> [Entries shown]:
--
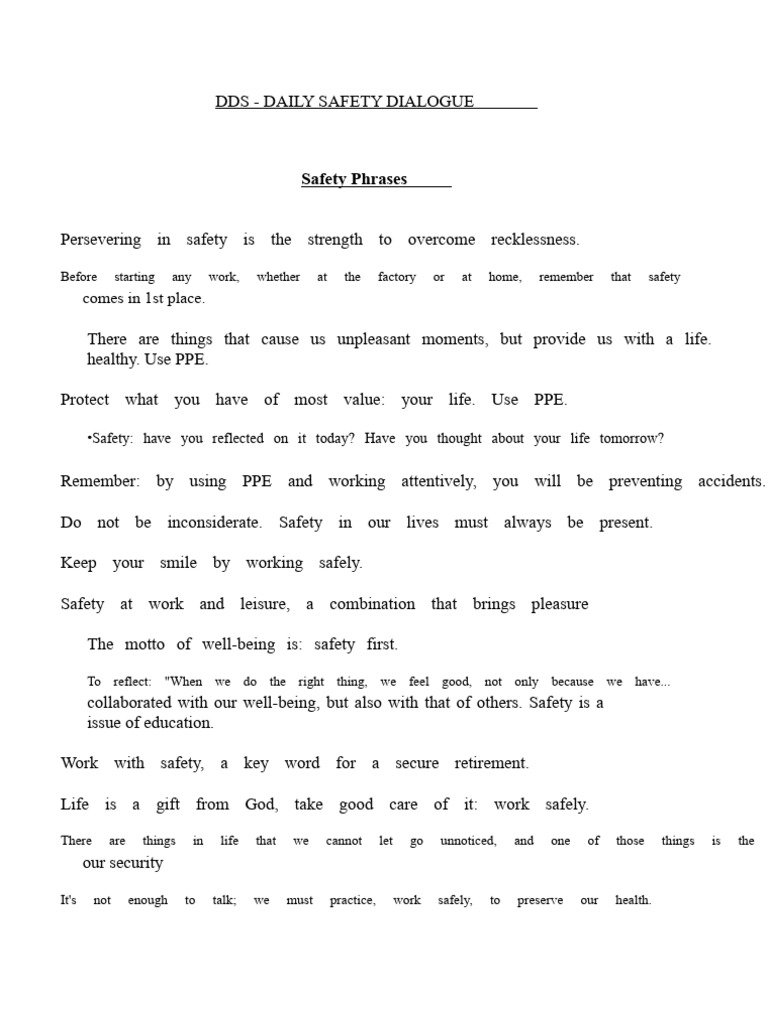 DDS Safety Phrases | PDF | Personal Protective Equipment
--
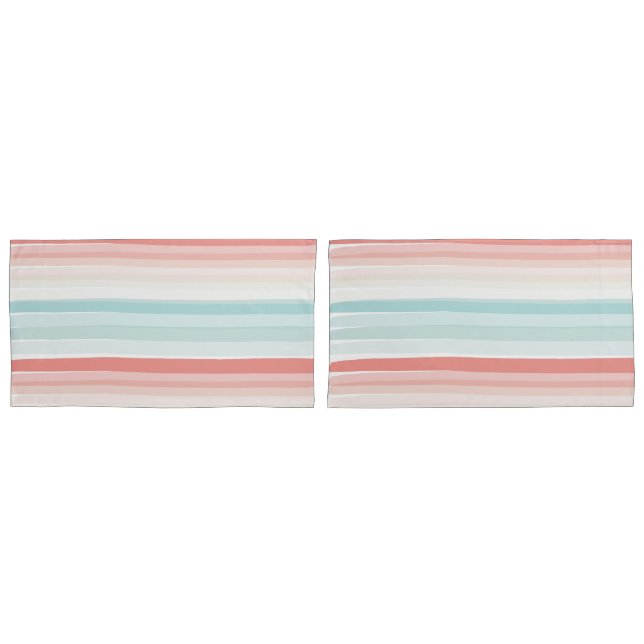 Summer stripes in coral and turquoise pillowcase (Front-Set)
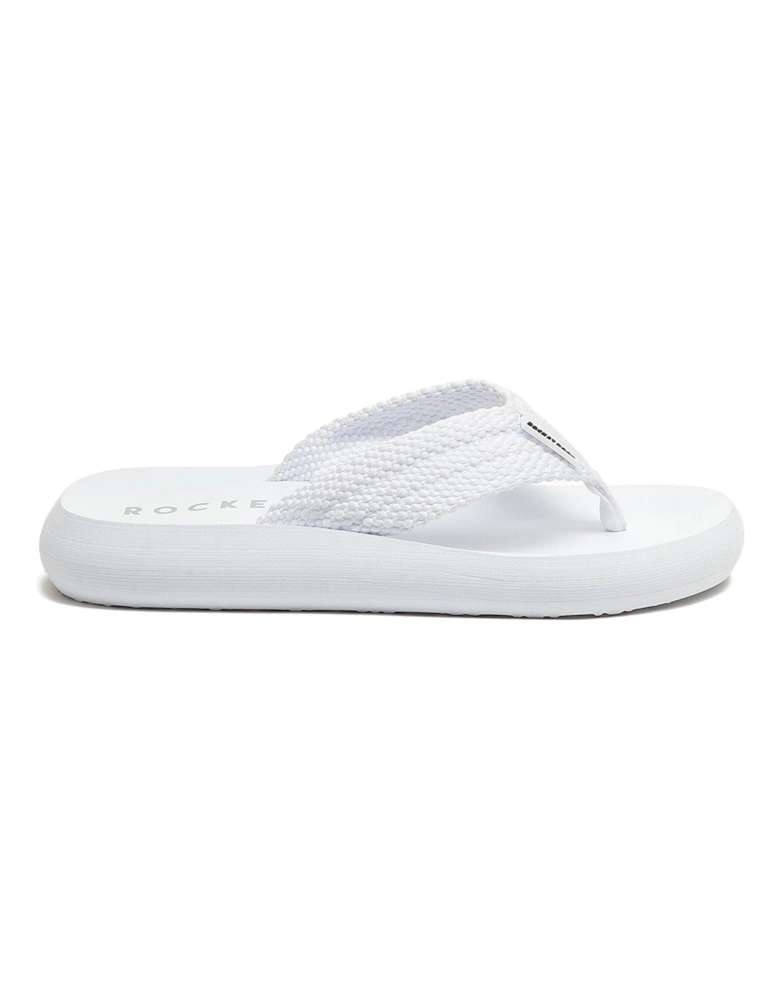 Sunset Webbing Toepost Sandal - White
--
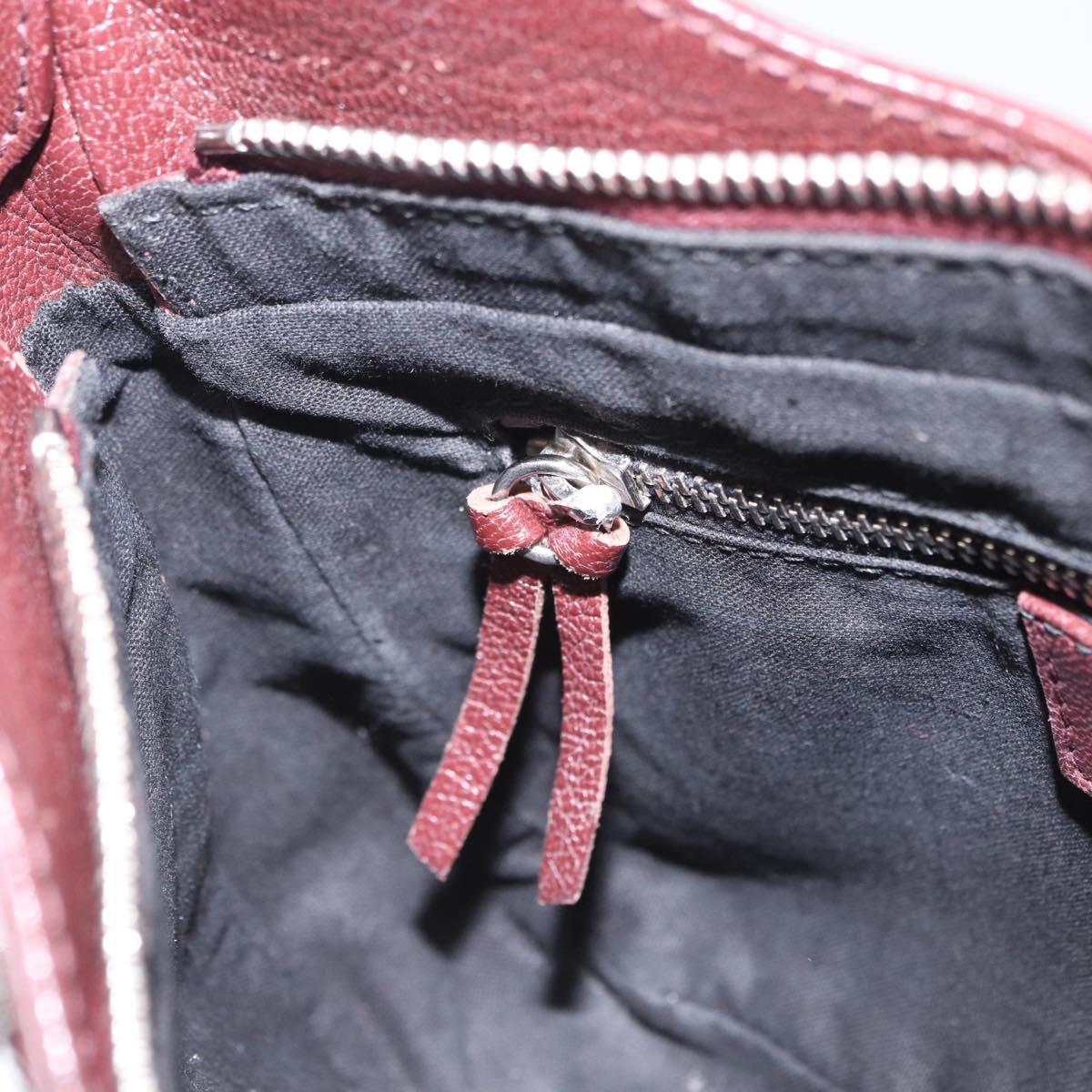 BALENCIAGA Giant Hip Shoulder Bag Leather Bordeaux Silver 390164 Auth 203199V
--
> [Assigned task]: In the data above, find the line with "Summer stripes in" and the line with "Sunset Webbing Toepost Sandal - White". Please copy exactly those two lines and every line between them, but not the pictures.

> [Result of the exercise]:
 Summer stripes in coral and turquoise pillowcase (Front-Set)
 Sunset Webbing Toepost Sandal - White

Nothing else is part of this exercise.